Pictures with short captions:
----

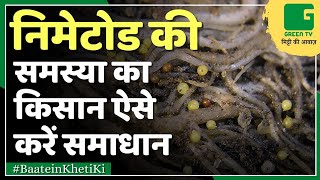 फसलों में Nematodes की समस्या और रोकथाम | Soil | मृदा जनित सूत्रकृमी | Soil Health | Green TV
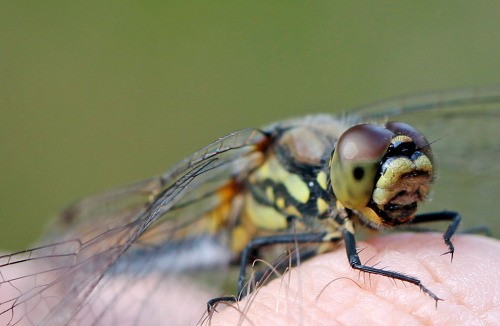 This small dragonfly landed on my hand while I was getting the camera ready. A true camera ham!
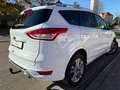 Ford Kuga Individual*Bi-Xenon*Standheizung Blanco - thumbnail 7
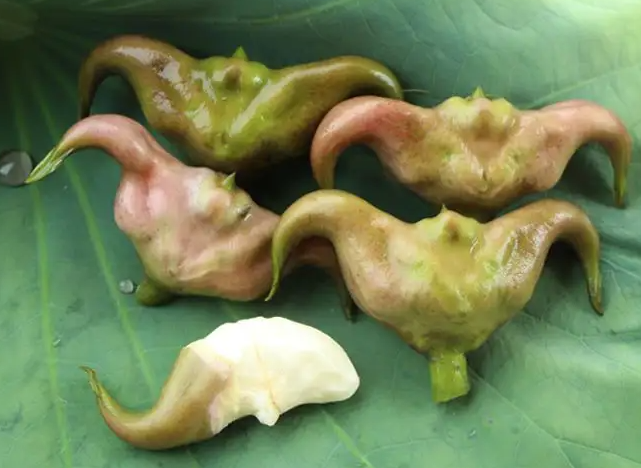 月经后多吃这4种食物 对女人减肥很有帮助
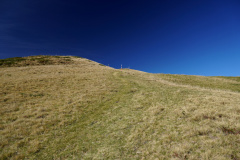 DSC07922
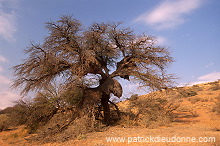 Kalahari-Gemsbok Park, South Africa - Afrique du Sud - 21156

----

## [TASK BRIEF]
Reproduce the lines above, exactly and exclusively, from the line containing "This small dragonfly" down to the last line, both included; pictures are not part of the copy.

## [WRITTEN SOLUTION]
 This small dragonfly landed on my hand while I was getting the camera ready. A true camera ham!
 Ford Kuga Individual*Bi-Xenon*Standheizung Blanco - thumbnail 7
 月经后多吃这4种食物 对女人减肥很有帮助
 DSC07922
 Kalahari-Gemsbok Park, South Africa - Afrique du Sud - 21156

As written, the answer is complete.